_Supplied data_:
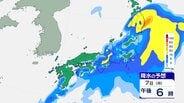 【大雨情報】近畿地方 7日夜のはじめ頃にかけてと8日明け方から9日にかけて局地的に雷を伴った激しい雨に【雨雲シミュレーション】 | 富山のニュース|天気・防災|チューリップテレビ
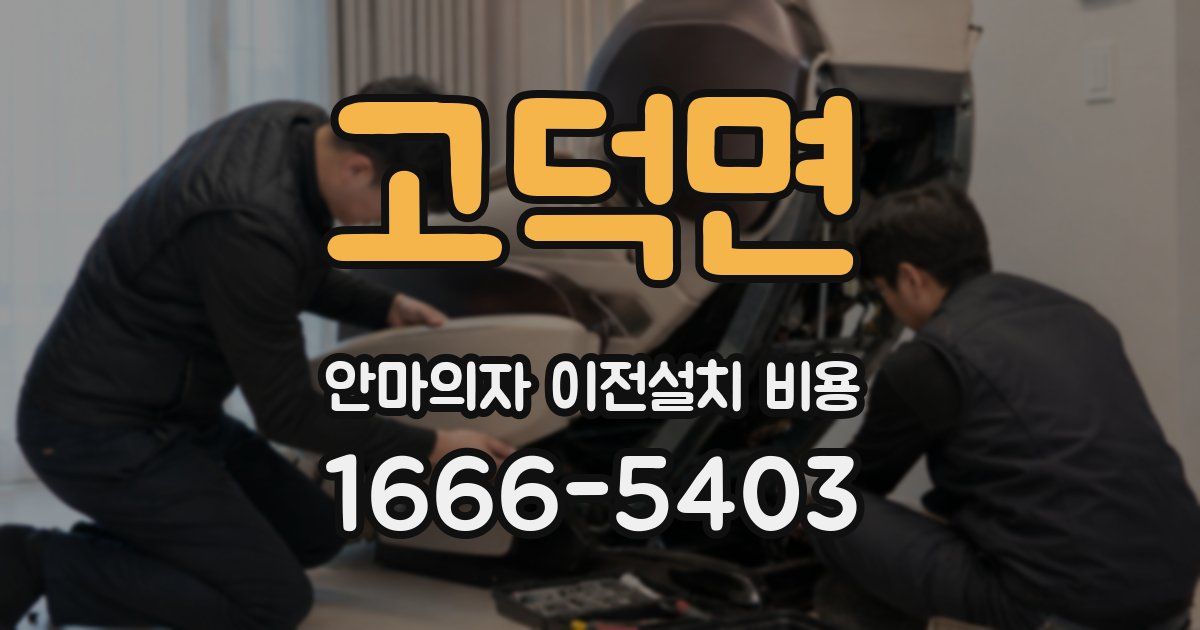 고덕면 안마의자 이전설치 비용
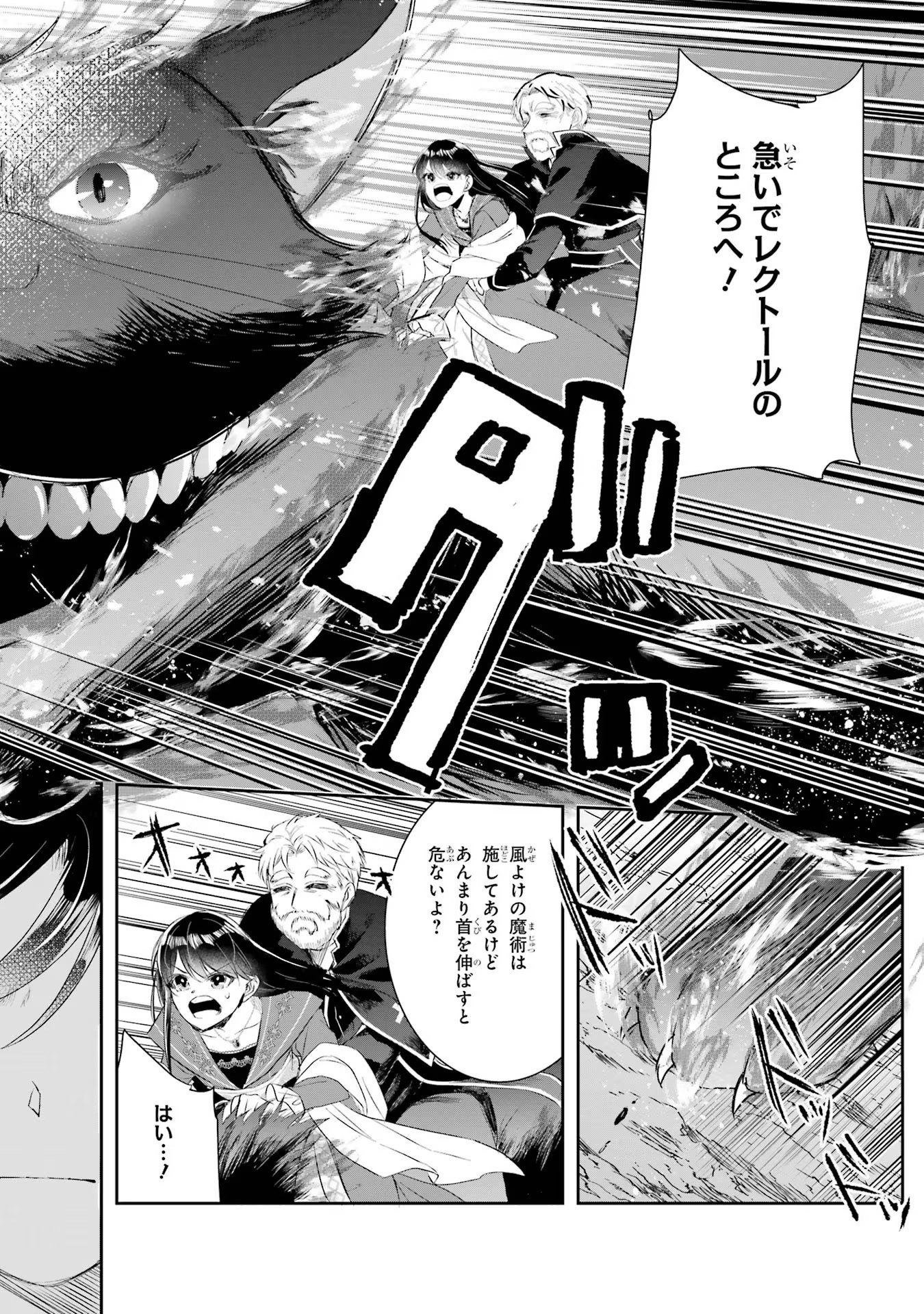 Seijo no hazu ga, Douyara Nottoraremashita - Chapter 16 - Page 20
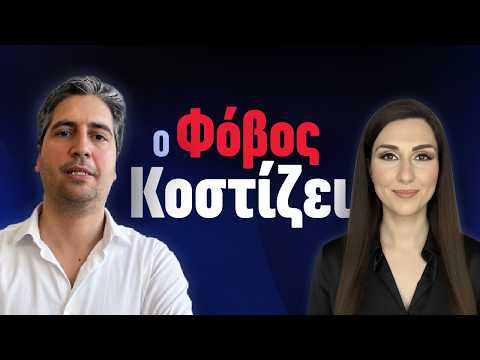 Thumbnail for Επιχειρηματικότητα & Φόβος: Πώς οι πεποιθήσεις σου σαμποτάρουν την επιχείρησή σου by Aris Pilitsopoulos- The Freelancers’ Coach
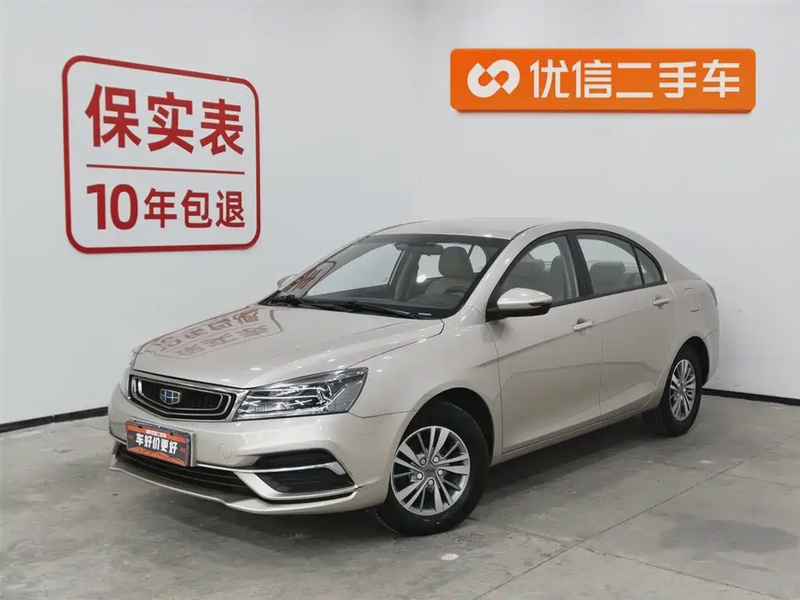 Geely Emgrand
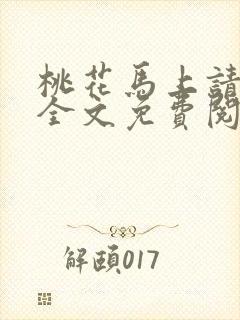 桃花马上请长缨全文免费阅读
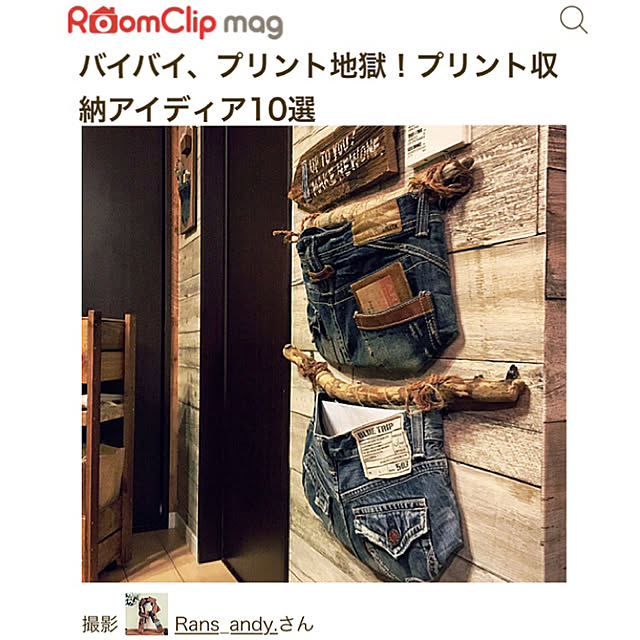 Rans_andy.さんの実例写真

_What to produce_:
Reproduce each record from above exactly; pictures do not belong in the copy.

_Expected output_:
 【大雨情報】近畿地方 7日夜のはじめ頃にかけてと8日明け方から9日にかけて局地的に雷を伴った激しい雨に【雨雲シミュレーション】 | 富山のニュース|天気・防災|チューリップテレビ
 고덕면 안마의자 이전설치 비용
 Seijo no hazu ga, Douyara Nottoraremashita - Chapter 16 - Page 20
 Thumbnail for Επιχειρηματικότητα & Φόβος: Πώς οι πεποιθήσεις σου σαμποτάρουν την επιχείρησή σου by Aris Pilitsopoulos- The Freelancers’ Coach
 Geely Emgrand
 桃花马上请长缨全文免费阅读
 Rans_andy.さんの実例写真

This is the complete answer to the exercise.